Sementara, apabila hasil pendapat hukum menyatakan pemerintah tidak bisa membayarkan utang rafaksi minyak goreng karena Permendag yang mengatur sudah diganti, Karim menegaskan bahwa akan ada upaya lain sepanjang itu sudah ada keputusannya.
“Kan kemarin ada dua opsi, kalau iya maka akan dibayar. Kalau tidak, maka ada upaya lain sepanjang itu sudah ada keputusan. Kalau tidak kan kita tidak bisa berandai-andai,” tutur dia.
Lebih lanjut, Karim menyebut sudah ada progres yang bagus dari pendapat hukum yang diminta Kemendag kepada Kejaksaan Agung. Jadi secara prinsipnya, kata dia, sudah mulai ada jalan untuk penagihan dari utang rafaksi minyak goreng senilai Rp 344 miliar untuk peritel.

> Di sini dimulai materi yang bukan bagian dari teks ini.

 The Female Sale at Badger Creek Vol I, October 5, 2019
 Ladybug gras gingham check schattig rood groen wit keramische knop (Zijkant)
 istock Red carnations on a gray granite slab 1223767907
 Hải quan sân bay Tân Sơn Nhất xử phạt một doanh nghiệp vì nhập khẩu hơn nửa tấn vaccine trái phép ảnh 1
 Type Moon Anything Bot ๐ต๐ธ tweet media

“Ini sudah saya sampaikan ke teman produsen dan ritel. Dan disepakati juga bahwa ketentuan Permendag nomor 3 tahun 2022 bahwa disamping yang klaim adalah produsen, pembayarannya berdasarkan hasil survey independen yang dalam hal ini dilakukan oleh Sucofindo,” jelasnya.

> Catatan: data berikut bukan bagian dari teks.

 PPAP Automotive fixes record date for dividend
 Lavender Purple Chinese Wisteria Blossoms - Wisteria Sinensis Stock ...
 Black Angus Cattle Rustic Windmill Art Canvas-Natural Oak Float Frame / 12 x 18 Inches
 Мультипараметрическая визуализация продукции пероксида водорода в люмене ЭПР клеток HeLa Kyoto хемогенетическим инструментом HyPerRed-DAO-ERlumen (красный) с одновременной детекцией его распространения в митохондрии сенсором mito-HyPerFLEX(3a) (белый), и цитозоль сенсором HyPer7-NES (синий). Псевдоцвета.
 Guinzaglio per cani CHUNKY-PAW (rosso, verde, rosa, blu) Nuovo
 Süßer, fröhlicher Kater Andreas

“Kemudian dari LO, intinya apabila ada perbedaan angka antara yang diklaim dengan yang dibayarkan bisa dicarikan solusi lain. Intinya agar tetap terbuka aja bukan mengandalkan hasil survey itu semata atau hasil verifikasi surveyor independen,ntapi juga ada upaya lain yang bisa dilakukan oleh pelaku usaha kalau yang boleh dibayarkan tidak sesuai dengan klaimnya,” lanjut dia.
Sementara itu, terkait opsi Aprindo yang katanya akan melakukan boikot minyak goreng, Karim mengatakan, hal itu sudah mulai disampingkan oleh kedua belah pihak karena yang penting proses ini sudah mulai berjalan.

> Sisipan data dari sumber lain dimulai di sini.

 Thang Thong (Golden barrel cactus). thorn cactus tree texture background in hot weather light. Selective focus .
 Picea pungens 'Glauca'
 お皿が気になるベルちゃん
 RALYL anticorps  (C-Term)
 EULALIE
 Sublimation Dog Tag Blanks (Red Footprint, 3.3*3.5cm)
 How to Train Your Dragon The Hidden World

Ketua Umum Aprindo Roy Nicholas Mandey setuju dengan Kemendag dan akan mengikuti proses yang sedang berjalan.
“Kita minta selama legal opinion berproses, kita minta juga verifikasi yang sudah diselesaikan oleh Sucofindo, verifikasi perhitungan data peritel dan produsen dapat dibuka, dapat ditransparankan supaya kita bisa menilai dan melihat hasil verifikasi itu seperti apa,” kata Roy saat ditemui di Kantor Kemendag.
“Karena ada indikasi hasil verifikasinya itu tidak sama dengan nilai yang sudah kami sampaikan. nah ini kan menimbulkan pertanyaan. Sementara kita harus pertanggungjawaban kepada anggota,” lanjut dia.
Dia pun berharap pertemuan antara Kemendag dan Aprindo bisa berlanjut seminggu sekali agar ada titik terang.
“Saya minta ini terus berlanjut sampai selesai. Kalau perlu seminggu sekali. Karena kalau tidak kami akan bersuara terus meminta kepastian,” jelasnya.